This is the first NLP competition I have participated in. I've learned a lot of valuable knowledge from public kernals and discussion forums, thank you all for your help.

# 0. Imports

In [1]:
import numpy as np
import pandas as pd

from nltk.corpus import stopwords
import string
import re

# Models
import optuna
from sklearn.model_selection import KFold, GroupKFold, train_test_split
from sklearn.ensemble import RandomForestRegressor
from xgboost import XGBRegressor
from lightgbm import LGBMRegressor

# Metrics
from sklearn.metrics import mean_squared_error

import warnings
warnings.filterwarnings('ignore')



# 1. Load Datas

In [2]:
data_dir = "/kaggle/input/commonlit-evaluate-student-summaries/"
train_pro = pd.read_csv(data_dir + 'prompts_train.csv')
train_sum = pd.read_csv(data_dir + 'summaries_train.csv')

test_pro = pd.read_csv(data_dir + 'prompts_test.csv')
test_sum = pd.read_csv(data_dir + 'summaries_test.csv')

submission = pd.read_csv(data_dir + 'sample_submission.csv')
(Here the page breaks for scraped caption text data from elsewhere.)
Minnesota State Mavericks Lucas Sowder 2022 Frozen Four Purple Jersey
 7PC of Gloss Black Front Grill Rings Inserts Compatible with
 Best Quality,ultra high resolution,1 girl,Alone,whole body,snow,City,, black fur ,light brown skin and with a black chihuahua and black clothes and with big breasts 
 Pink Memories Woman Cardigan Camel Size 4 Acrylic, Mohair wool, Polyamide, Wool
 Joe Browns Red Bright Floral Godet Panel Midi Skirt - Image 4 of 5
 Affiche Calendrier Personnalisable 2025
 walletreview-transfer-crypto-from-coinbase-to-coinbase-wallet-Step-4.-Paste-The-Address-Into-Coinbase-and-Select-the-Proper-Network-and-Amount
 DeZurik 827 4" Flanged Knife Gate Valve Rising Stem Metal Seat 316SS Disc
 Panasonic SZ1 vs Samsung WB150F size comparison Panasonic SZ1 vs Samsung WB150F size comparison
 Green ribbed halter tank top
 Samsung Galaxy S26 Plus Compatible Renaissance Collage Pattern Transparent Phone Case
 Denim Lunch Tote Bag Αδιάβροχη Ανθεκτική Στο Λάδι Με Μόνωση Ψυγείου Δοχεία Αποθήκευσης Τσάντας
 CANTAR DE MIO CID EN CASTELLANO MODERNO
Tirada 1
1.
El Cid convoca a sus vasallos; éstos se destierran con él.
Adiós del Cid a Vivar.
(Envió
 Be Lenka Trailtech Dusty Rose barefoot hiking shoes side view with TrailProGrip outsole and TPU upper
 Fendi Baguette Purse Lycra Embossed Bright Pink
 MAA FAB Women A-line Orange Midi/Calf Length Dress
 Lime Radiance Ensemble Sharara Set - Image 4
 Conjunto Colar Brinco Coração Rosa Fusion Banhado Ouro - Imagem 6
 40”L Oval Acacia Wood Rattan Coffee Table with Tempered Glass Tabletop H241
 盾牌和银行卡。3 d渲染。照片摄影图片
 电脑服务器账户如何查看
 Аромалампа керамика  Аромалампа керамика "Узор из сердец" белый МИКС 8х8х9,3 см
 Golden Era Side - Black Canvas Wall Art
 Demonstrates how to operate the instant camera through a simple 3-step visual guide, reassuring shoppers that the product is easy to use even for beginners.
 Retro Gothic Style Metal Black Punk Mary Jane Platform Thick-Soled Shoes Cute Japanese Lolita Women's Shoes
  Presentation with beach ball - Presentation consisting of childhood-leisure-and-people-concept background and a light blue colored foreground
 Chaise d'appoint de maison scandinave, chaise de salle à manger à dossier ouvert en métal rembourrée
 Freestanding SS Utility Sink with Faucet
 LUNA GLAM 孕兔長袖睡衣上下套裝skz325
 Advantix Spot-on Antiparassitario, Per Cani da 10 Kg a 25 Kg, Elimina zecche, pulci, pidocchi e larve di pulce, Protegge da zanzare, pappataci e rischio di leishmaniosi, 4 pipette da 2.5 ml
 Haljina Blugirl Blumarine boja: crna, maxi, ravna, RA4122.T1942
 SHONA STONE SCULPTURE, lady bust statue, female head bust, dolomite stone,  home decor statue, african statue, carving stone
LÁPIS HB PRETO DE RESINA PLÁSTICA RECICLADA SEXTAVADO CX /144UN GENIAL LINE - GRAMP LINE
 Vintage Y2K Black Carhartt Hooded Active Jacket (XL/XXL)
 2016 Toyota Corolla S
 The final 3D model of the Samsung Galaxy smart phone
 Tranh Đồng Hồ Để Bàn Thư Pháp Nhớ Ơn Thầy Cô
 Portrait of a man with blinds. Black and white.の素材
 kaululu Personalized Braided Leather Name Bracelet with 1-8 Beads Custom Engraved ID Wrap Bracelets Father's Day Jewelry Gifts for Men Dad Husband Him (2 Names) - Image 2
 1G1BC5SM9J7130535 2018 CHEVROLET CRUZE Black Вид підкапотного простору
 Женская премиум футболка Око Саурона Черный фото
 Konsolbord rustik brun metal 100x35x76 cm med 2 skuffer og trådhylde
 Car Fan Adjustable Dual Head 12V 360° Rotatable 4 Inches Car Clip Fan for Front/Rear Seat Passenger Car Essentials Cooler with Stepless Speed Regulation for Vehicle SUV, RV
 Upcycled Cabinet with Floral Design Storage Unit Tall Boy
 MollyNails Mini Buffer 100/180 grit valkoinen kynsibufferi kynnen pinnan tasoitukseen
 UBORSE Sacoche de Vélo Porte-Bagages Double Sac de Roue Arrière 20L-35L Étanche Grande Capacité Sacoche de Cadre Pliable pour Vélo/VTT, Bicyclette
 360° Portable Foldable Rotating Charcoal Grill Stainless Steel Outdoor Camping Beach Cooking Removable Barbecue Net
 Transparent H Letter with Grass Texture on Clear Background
**In the data set, prompts represent the description of the problem. The summary is the student's answer. We need to score content and wording separately.**

In [3]:
train_pro

Unnamed: 0,prompt_id,prompt_question,prompt_title,prompt_text
0,39c16e,Summarize at least 3 elements of an ideal trag...,On Tragedy,Chapter 13 \r\nAs the sequel to what has alrea...
1,3b9047,"In complete sentences, summarize the structure...",Egyptian Social Structure,Egyptian society was structured like a pyramid...
2,814d6b,Summarize how the Third Wave developed over su...,The Third Wave,Background \r\nThe Third Wave experiment took ...
3,ebad26,Summarize the various ways the factory would u...,Excerpt from The Jungle,"With one member trimming beef in a cannery, an..."


In [4]:
train_sum.head()

Unnamed: 0,student_id,prompt_id,text,content,wording
0,000e8c3c7ddb,814d6b,The third wave was an experimentto see how peo...,0.205683,0.380538
1,0020ae56ffbf,ebad26,They would rub it up with soda to make the sme...,-0.548304,0.506755
2,004e978e639e,3b9047,"In Egypt, there were many occupations and soci...",3.128928,4.231226
3,005ab0199905,3b9047,The highest class was Pharaohs these people we...,-0.210614,-0.471415
4,0070c9e7af47,814d6b,The Third Wave developed rapidly because the ...,3.272894,3.219757


I have two ideas:
1. Join the prompt and summary tables based on `prompt id`, then merge prompt and text together and separate them with delimiters.
2. I can also ignore the content of the prompt and only use `prompt id` as an input feature, so that it can be processed as a classification task in machine learning.

Let's do the merge.

In [5]:
train = train_sum.merge(train_pro, how="left", on="prompt_id")
test = test_sum.merge(test_pro, how="left", on="prompt_id")

In [6]:
print("Full train dataset shape is {}".format(train.shape))

Full train dataset shape is (7165, 8)


In [7]:
train.head(3)

Unnamed: 0,student_id,prompt_id,text,content,wording,prompt_question,prompt_title,prompt_text
0,000e8c3c7ddb,814d6b,The third wave was an experimentto see how peo...,0.205683,0.380538,Summarize how the Third Wave developed over su...,The Third Wave,Background \r\nThe Third Wave experiment took ...
1,0020ae56ffbf,ebad26,They would rub it up with soda to make the sme...,-0.548304,0.506755,Summarize the various ways the factory would u...,Excerpt from The Jungle,"With one member trimming beef in a cannery, an..."
2,004e978e639e,3b9047,"In Egypt, there were many occupations and soci...",3.128928,4.231226,"In complete sentences, summarize the structure...",Egyptian Social Structure,Egyptian society was structured like a pyramid...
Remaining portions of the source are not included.